The shapes that informed this collection include the ‘Sayuri’ set from my AW14 collection and what originated as the ‘Monika’ set from my AW13 (though the latter differs quite dramatically in its current incarnation!). These are all shapes that are somewhat ‘signature’ to my brand and it was important for me that this first major run still be recognizable as ‘Karolina Laskowska’ pieces.
One of the most important areas of design to me is the choice of fabrics; this has always been crucial to my brand and what I truly believe sets me aside from other designers at a similar market level. Although I wanted to bring customers lingerie at a lower price point, I didn’t want to do it at the expense of beautiful fabrics. I decided that rather than continuing with kimono silks, as I previously used in the ‘Sayuri’ collections, I wanted to focus on beautiful lace.
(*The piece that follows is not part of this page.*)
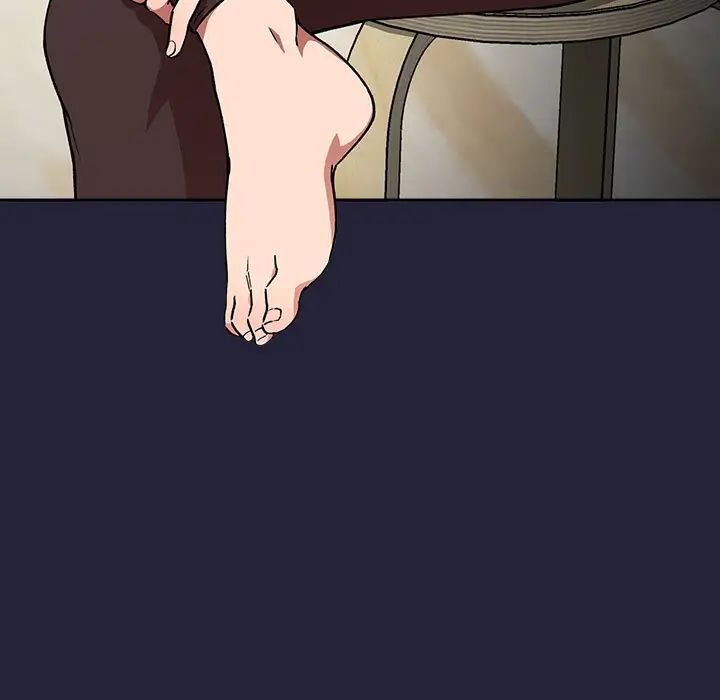 61.jpg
The black and gold lace used in the ‘Ara’ sets is quite possibly my favourite lace in the entire contemporary lace market. It’s made in the UK by the last remaining leavers lace manufacturer: Cluny, who are still owned by the same family in its 6th and 7th generations. Cluny specialise in cotton laces, which are typically heavier and arguably a little more ‘dated’ in appearance than the lace usually used in lingerie. It’s the fact that it’s considered so atypical that initially drew me to this lace design: the cotton is soft against the skin, unlike so many scratchy modern metallic laces. The floral design is lush and dense, with the bright gold lurex highlights giving it the most wonderful opulent feel. I hope to continue using this lace for many collections to come; it’s used in several pieces in my next season and had relatively extensive use in my SS15 designs!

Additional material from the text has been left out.